Friday, November 11, 2005

Disturbing

Call me a cynic, but I wasn't surprised to learn that Buah and co have been using chemical weapons in Iraq on civilians. Empire Burlesque Has another expanded article on this- it sounds like there are a lot of more and more credible sources for this, so here's hoping big corporate media will take off its blinders and address this story. Meanwhile, I'm stunned at just how stupid it all is- they're fighting against an Insurgency, for fucks sake, what do they think dropping chemical weapons on civilians is going to accoplish? I'll say this: if somebody dropped a load of White Phosphorous on my city, I'd join whatever violent resistance movement I could find. I don't know what offends me more about this, the stark raving evil of it or the complete ignorance that lets them think it will help.

Tuesday, November 08, 2005

I'm an Optimist, really.

Several thinsg that caught my eye lately in the same theme. First this painful-to-watch-but-can't-tear-your-eyes-away video on Empire Burlesque. I got the link from UTI, an excellent site I visit often, though now I've added Empire to my bookmarks.
Then there was a bit on John Stewart last night, he was talking to Barack Obama, a guy I've heard might save the Dems down south- dunno about that, he seemed like a good guy on Stewart but that's a long way from being a guy who can save the USA from itself- anyway, Mr. Obama was talking about Iraq and used the analogy of a bus crash- what do you do when the bus crashes, well, first you fire the driver... anyway, it seems to me things are coming to a head in the Iraq situation, though I'd be surprised if Bush did anything as clever as pulling out, it seems likely that once he finally leaves office his successor will be find the fastest exit he can.
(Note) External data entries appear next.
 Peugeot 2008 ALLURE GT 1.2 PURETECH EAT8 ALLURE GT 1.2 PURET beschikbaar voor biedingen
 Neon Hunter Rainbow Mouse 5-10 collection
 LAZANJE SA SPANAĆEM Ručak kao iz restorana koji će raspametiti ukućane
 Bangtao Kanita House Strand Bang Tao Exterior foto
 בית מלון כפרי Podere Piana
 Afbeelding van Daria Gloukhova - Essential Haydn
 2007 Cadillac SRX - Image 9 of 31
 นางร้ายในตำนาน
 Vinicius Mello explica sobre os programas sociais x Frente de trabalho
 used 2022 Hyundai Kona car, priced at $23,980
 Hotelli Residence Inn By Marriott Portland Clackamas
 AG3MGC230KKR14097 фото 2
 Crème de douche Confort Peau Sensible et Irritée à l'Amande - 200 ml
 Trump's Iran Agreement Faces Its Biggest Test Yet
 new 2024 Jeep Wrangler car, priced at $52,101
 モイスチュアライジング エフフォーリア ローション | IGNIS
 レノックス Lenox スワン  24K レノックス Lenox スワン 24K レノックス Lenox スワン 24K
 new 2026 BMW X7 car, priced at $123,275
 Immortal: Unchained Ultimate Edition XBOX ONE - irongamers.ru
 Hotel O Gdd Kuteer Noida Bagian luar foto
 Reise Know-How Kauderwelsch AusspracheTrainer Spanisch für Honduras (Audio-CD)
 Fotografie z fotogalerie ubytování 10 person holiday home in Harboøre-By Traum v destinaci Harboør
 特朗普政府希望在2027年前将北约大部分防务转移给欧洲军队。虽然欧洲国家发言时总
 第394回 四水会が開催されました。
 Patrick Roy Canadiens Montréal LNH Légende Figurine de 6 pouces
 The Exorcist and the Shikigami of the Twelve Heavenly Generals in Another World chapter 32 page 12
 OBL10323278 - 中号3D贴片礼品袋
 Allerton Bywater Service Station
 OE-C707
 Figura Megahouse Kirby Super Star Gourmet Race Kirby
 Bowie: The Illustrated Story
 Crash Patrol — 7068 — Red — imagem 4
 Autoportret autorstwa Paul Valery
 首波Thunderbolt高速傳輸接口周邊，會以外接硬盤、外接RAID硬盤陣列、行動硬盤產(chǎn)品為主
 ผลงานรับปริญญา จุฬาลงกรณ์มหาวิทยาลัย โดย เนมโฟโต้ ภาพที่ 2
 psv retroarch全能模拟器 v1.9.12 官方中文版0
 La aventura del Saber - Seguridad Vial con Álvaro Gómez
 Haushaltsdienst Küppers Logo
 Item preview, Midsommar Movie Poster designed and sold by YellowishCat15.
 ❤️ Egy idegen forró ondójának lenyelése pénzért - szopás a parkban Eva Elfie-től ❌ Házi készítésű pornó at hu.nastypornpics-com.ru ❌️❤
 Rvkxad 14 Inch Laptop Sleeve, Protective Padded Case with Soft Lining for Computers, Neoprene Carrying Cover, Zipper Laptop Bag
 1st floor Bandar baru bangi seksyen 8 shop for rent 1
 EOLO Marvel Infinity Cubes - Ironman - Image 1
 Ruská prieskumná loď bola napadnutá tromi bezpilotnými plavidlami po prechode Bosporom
So why does all this mess and madness make me an optimist? Well, I've always felt that people who ignored reality so they could be cheerful were idiots, not optimists, but once you actually face reality if you can see the bright side of it, then you are an optimist, and that is me. I see this whole war mess and ugliness, and I don't like it, but looking back to Americas last debacle, it took a lot more years and a lot more body-bags before the impetus to keep fighting went away. The way I see it, no generation is really able to learn from the mistakes of others- each has to see war for itself before it can realize that yes, war is hell and best avoided. Sio the fact that this generation saw it quicker than the last- because of better technology mostly- means that maybe the next generation will require still less of a bodycount before it loses it's stomach for war. There will always be George Bushes to start wars, but the public pressure against them will dvelope faster and faster with each successive generation, untill the political masterminds behind people like Bush will no longer see any benefit to starting wars. Take away the ability of these people to benefit from war, and the wars will peter out. Or so I hope. Call me a dreamer.

Monday, November 07, 2005

So... I'm an asshole

I was mean to a lady at work the other day. i don't feel bad about it. It's nice to be nice to people all the time, to always know there other persons point of view and respect it, but sooner or later if someone contuinues to push you and bug you all the time you are kinda justified in taking a chunk out of them, even if the incident that pushes you over the edge is something petty.